WORK REQUIRED: Through the line with "In my culture, the drag" and starting from the first line, return the records below word for word, with pictures left out.

Captioned web images:
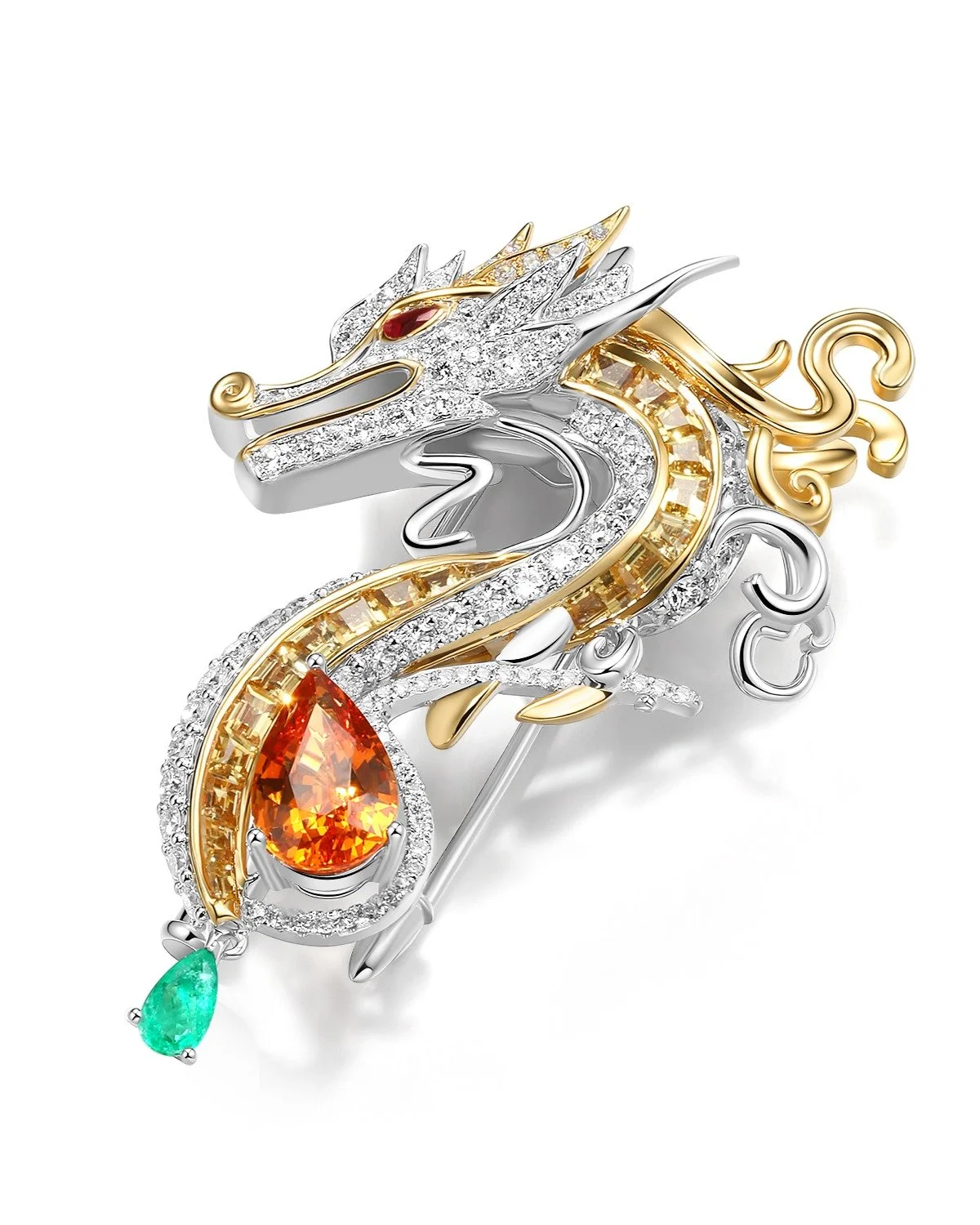 Dragon Brooch

A modern dragon rendered in 18K dual-tone gold&mdash;guardian, force, and continuity.
Centered by a 2ct vivid orange Fanta garnet, with custom-cut yellow sapphire, diamonds, ruby eyes, and an emerald tail drop.

In my culture, the drag
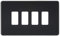 Screwless 4G grid faceplate - matt black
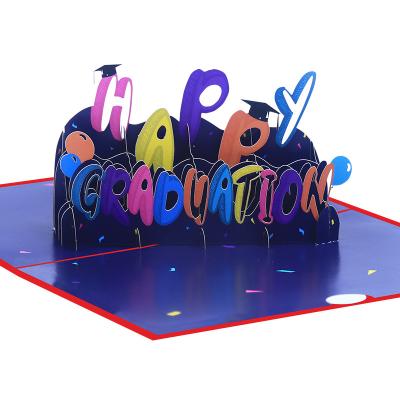 China Wholesale 3D Auto Greeting Card Festival Decoration Happy Graduation Paper Season Color Draw Cards Invitation Graduation Card for sale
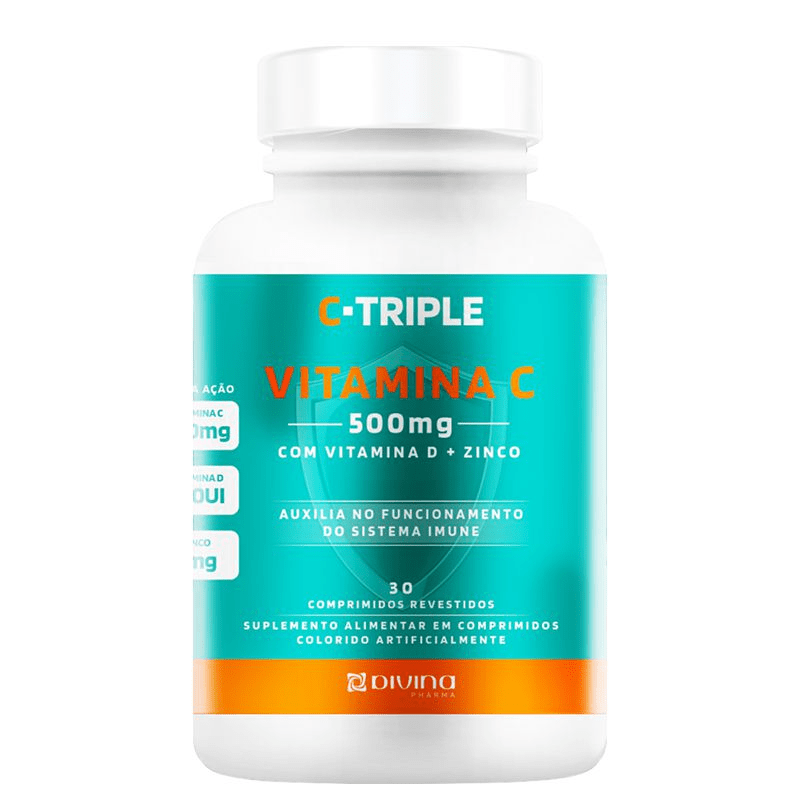 C-Triple Vitamina C 500mg + Zinco + D Divina 30 cápsulas Menor preço em C-Triple Vitamina C 500mg + Zinco + D Divina 30 cápsulas
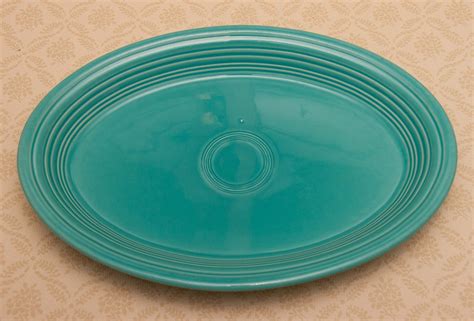 Large Oval Fiestaware USA Turquoise Platter Serving Plate Fiesta Ware ...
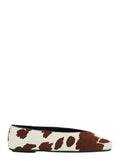 Brown Ballet Shoes with Animalier Print in Tech Fabric Woman Cow Ballerinas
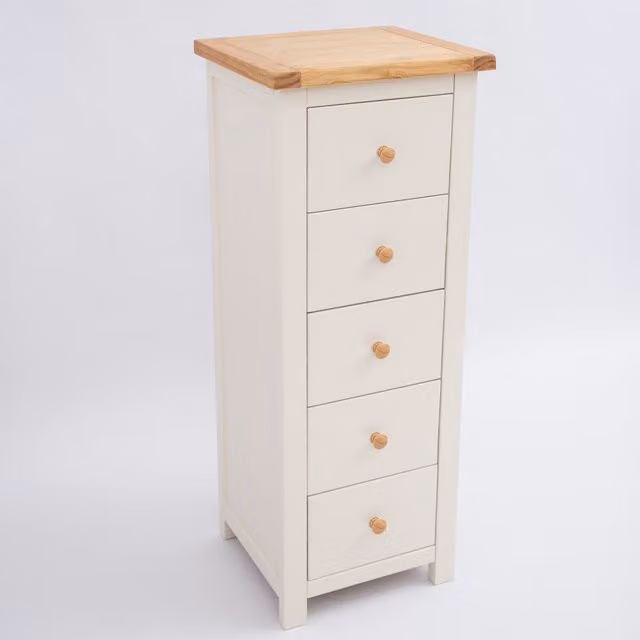 Cabinet Bits Maggiori 5 Drawer Narrow Chest of Drawers in Off-White Pine with Wood Knobs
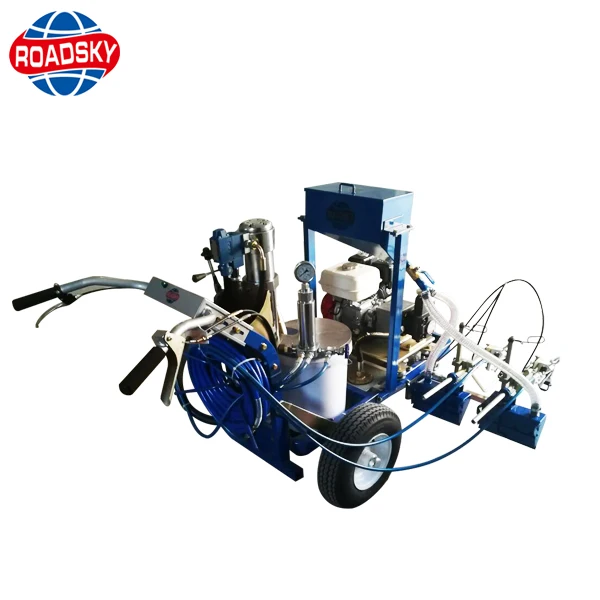 Cold Paint Road Marking Machine With Glass Beads Dispenser In Stock
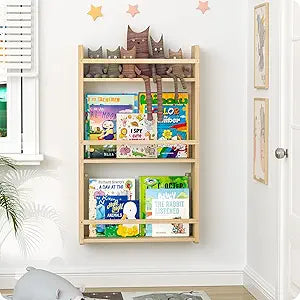 Wall Bookshelf for Kids, 3 Tier Kids Bookshelf Wall, 16.5 inch Floating Book Shelves for Nursery, Great for Bedroom, Living Room, Play Room and Nursery.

OUTPUT OF THE EXERCISE:
 Dragon Brooch

A modern dragon rendered in 18K dual-tone gold&mdash;guardian, force, and continuity.
Centered by a 2ct vivid orange Fanta garnet, with custom-cut yellow sapphire, diamonds, ruby eyes, and an emerald tail drop.

In my culture, the drag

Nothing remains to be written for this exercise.